Outsiders familiar with these events leading to, and
culminating in, the disbanding of the GO, have often
commented on the decisive and thorough manner in which the
entire situation was managed. Relations with the U.S.
government have been restored and the Church has obtained
full recognition and tax-exemption as an exclusively
charitable, religious endeavor from the Internal Revenue
Service.
Virtually all major religions have gone through periods
of trial and upheaval, especially during their formative
years. The Roman Catholic Church, for example, underwent
numerous schisms which splintered the faith. Sometimes
history lingers. It took its leaders hundred of years to
come to terms with and acknowledge the Inquisition was wrong.
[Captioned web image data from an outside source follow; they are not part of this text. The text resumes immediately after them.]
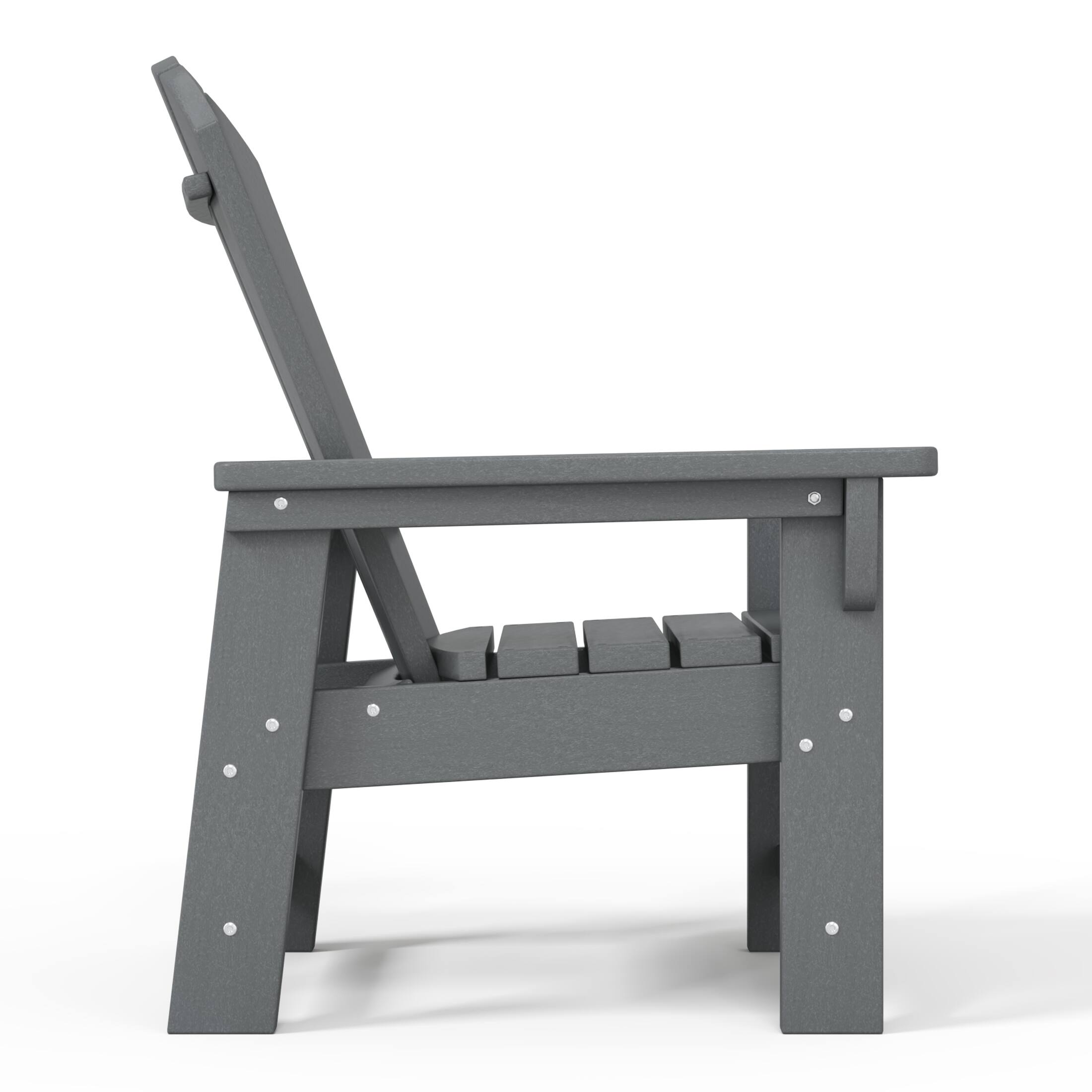 Left. WestinTrends - WestinTrends Malibu Kids Outdoor HDPE Adirondack Plastic Patio Chair - Gray.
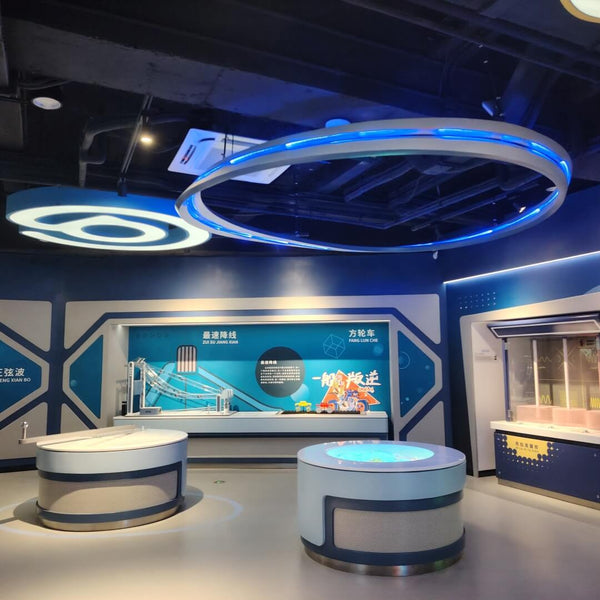 Completed interactive STEM exhibit installed in a public science museum environment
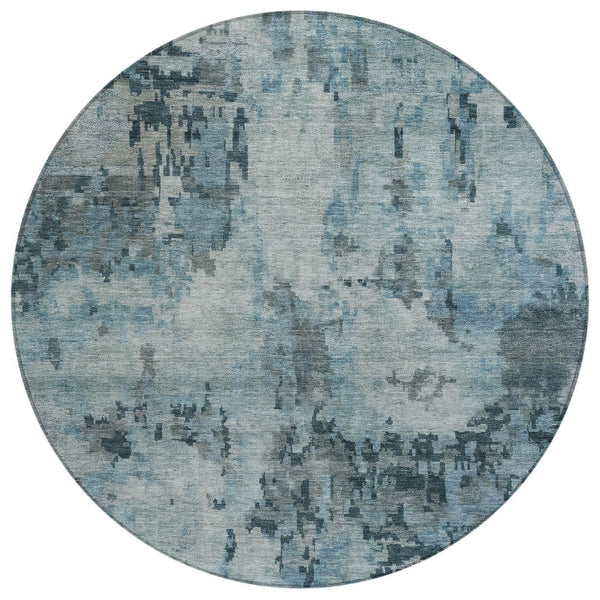 HomeRoots 8' Blue And Gray Round Abstract Rug - Stylish, Washable Indoor/Outdoor Area Rug for High Traffic Spaces 688815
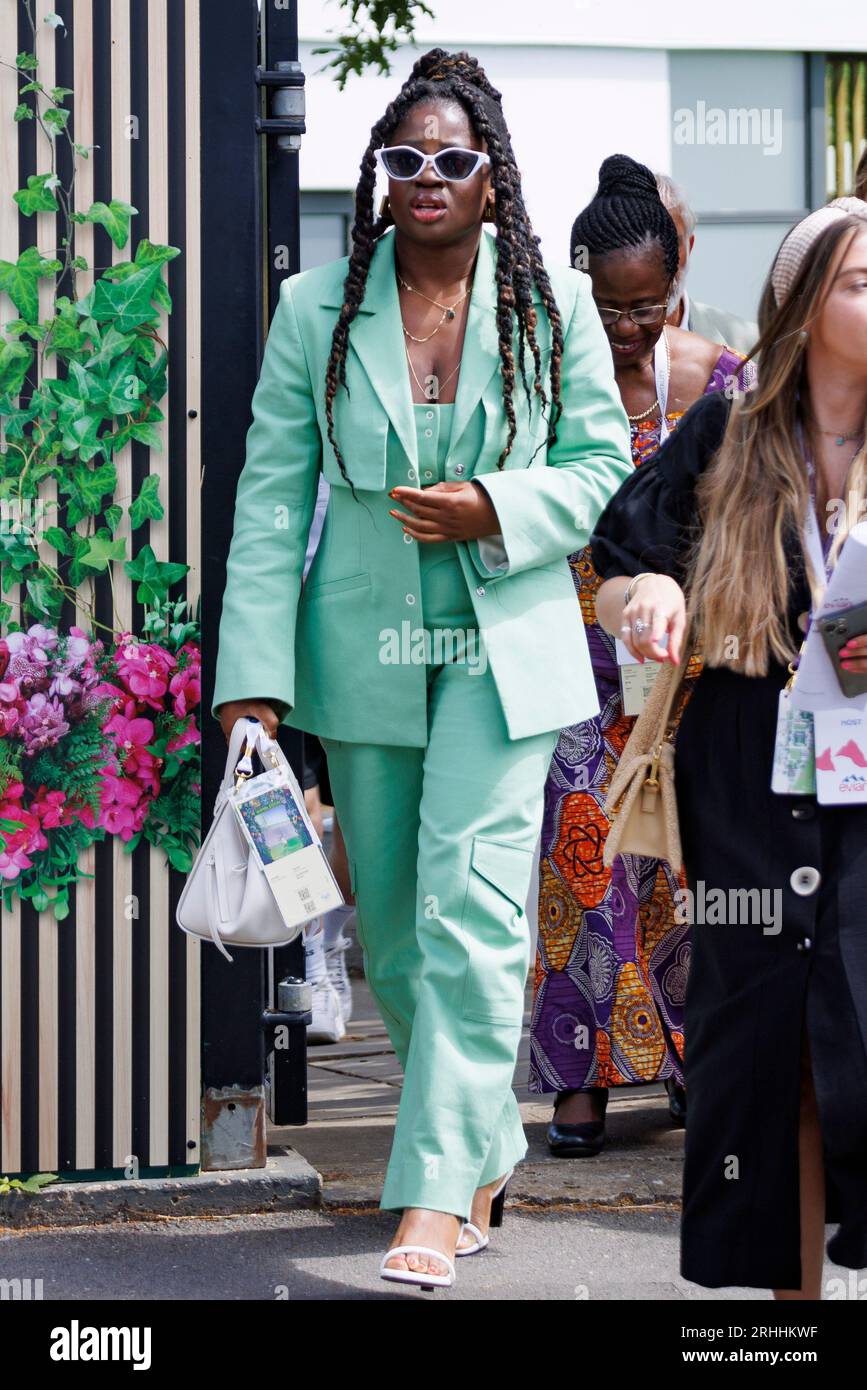 Clara Amfo è stata avvistata a Wimbledon. Immagine scattata il 3 luglio 2023. © Belinda Jiao jiao.bilin@gmail.com 07598931257 https://www.belindajiao.com/about Foto Stock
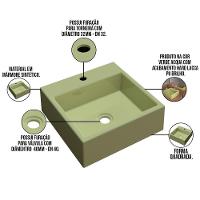 Cuba De Apoio Para Banheiro Quadrada 35X35Cm Verde Acqua - 5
One of the steps taken to ensure that nothing like the
GO could ever occur within Scientology again was the
formation of Religious Technology Center (RTC). RTC is
responsible for ensuring the purity of the religion and the
Scientology scriptures, and provides a self-policing
mechanism for the Church.
Indeed, the reorganization of the Church in the wake of
the GO debacle marked the beginning of a new era. The
Scientology religion not only successfully weathered the
storm; it emerged stronger, more stable, larger and more
influential than ever before. In 1980, there were 328
churches, missions and groups around the world. Today, more
than 2,300 such entities span the globe. Dianetics and
Scientology books are on bestseller lists all over the world,
with Dianetics, The Modern Science of Mental Health having
sold four times as many copies since 1980 as it did in the
whole of the prior 30 years.
Today, the Church's executive structure is firmly
established and it enjoys the wholehearted support of its
membership. Most of the Church's senior executives have held
their positions for more than a decade.